"tomorrow is not a promised" correctnesss [closed]
Is it a correct expression? Seems to figure in quotes but I can't find a decent source in regards to correctness.
Solution 1:
It is not "grammatical" in the sense that it would be accepted in widespread use.
Having Googled around a bit, I've convinced myself that this is some sort of religious formula or shibboleth, and a recent one at that.
Religious formulas often adopt unusual constructions for their primary purpose of separating in-group from out-group.
Indeed, the earliest reference I can find is in a 2012 religious tract, The Transforming Believer by Zulibe Turner of Reading, UK.
Time waits for no body, and tomorrow is not a promised to anyone.
Whether this is intentional, or a typo that got through proofreading, is not apparent. I also noticed an unusual use of "no body" for "nobody".
Edwin Ashworth and Colin Fine suggest that this formation is a deliberate neologism, along the lines of "a given", and this may very well be, but there are other possibilities including simple error.
The apparent error in this phrase is the use of the article "a" with "promised". "Promised" is almost never used as a noun - the only time I have encountered it is 19th-century costume dramas where "my promised" was a synonym for "my betrothed".
More common uses of "promised" are as a verb (You promised me) or as an adjective (the promised land)
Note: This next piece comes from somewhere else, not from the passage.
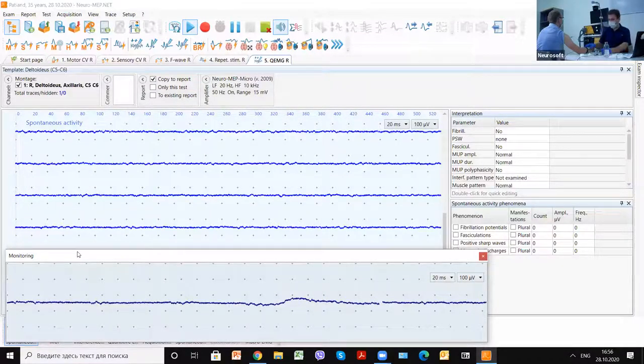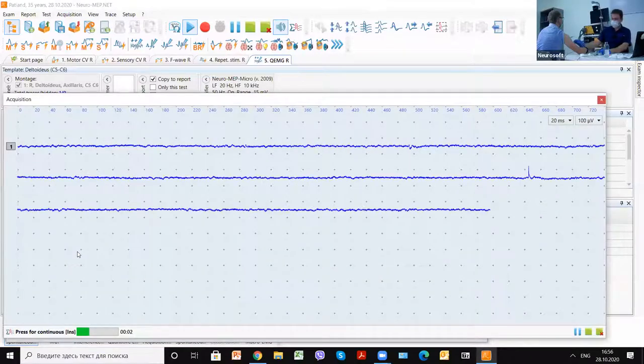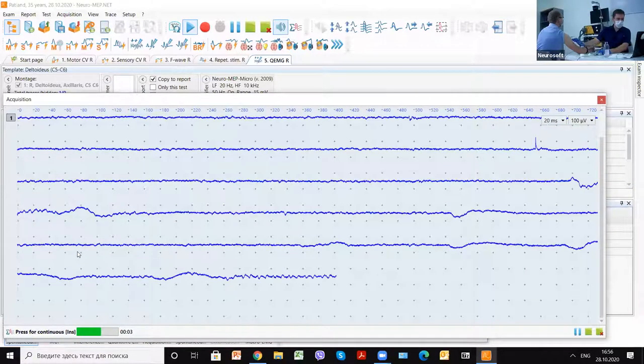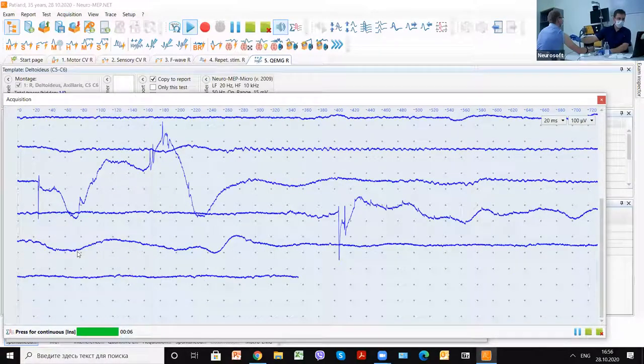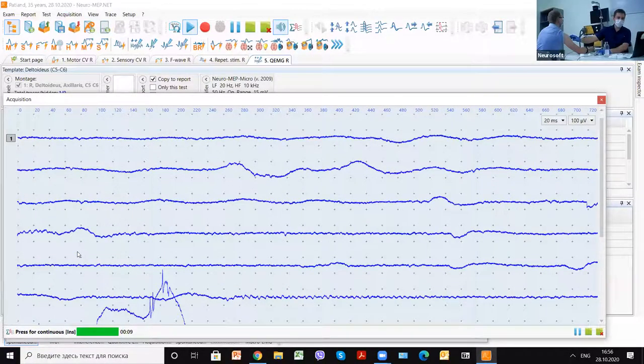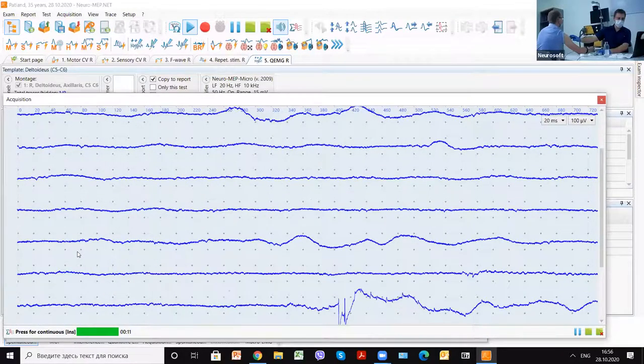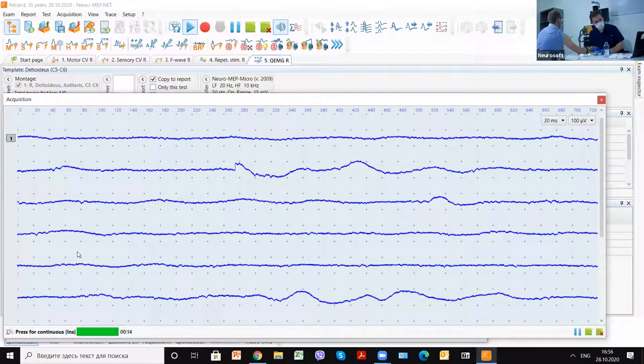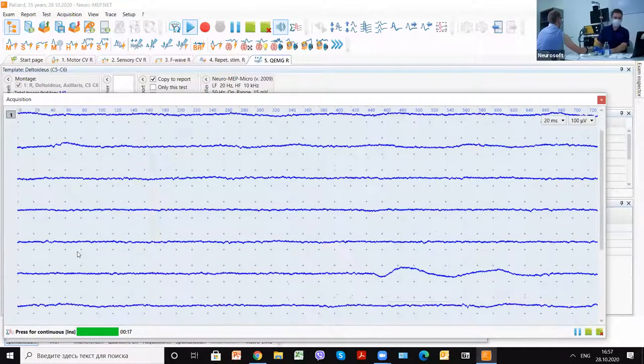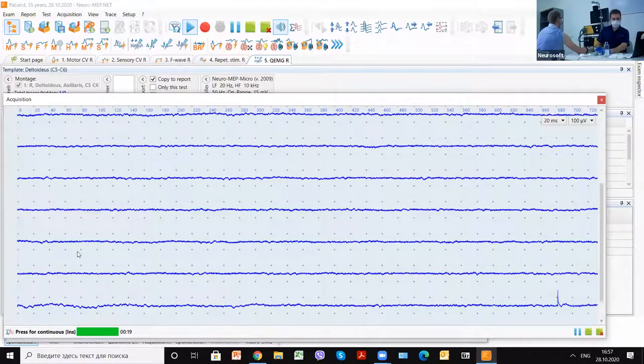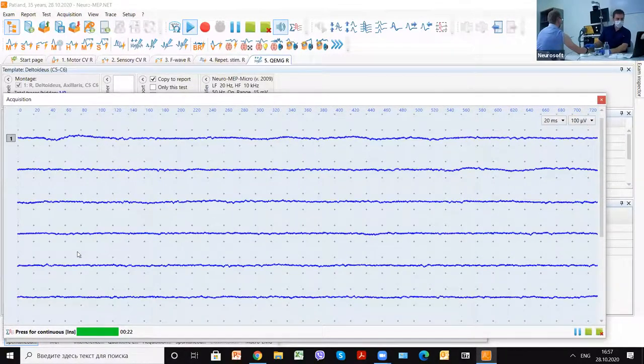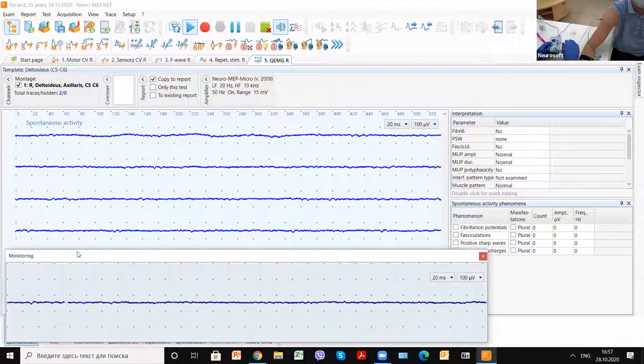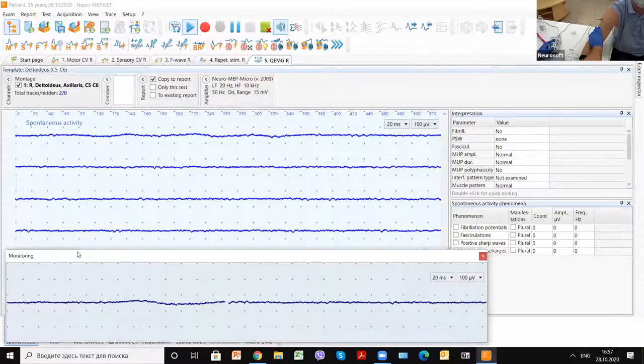But as it looks like, sometimes it must be fibrillations or fasciculations when they're big. All of them connect with different neuromuscular diseases and problems. After that, we don't have any spontaneous activity, so we go to the motor unit potentials.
So we might more commonly say
Tomorrow is not a promised day
(which appeared more frequently in religious quotes during my search)
Or of course we can use "promise" as a noun:
Tomorrow is not a promise
But Ms Turner's phrasing does not fit either of these patterns; she says tomorrow is not "a promised to anyone". Assuming this was intentional and not a mistake, the only way I can resolve it is to claim the word "a" is not an article here - it's an archaic prefix, sometimes attached to to a word (he lay abed) or but often hyphenated (Simple Simon went a-fishing, for to catch a whale).
One use of the "a-" prefix is to mean "completely". This would give us
Tomorrow is not a-promised to anyone
and would be grammatical, if unusual.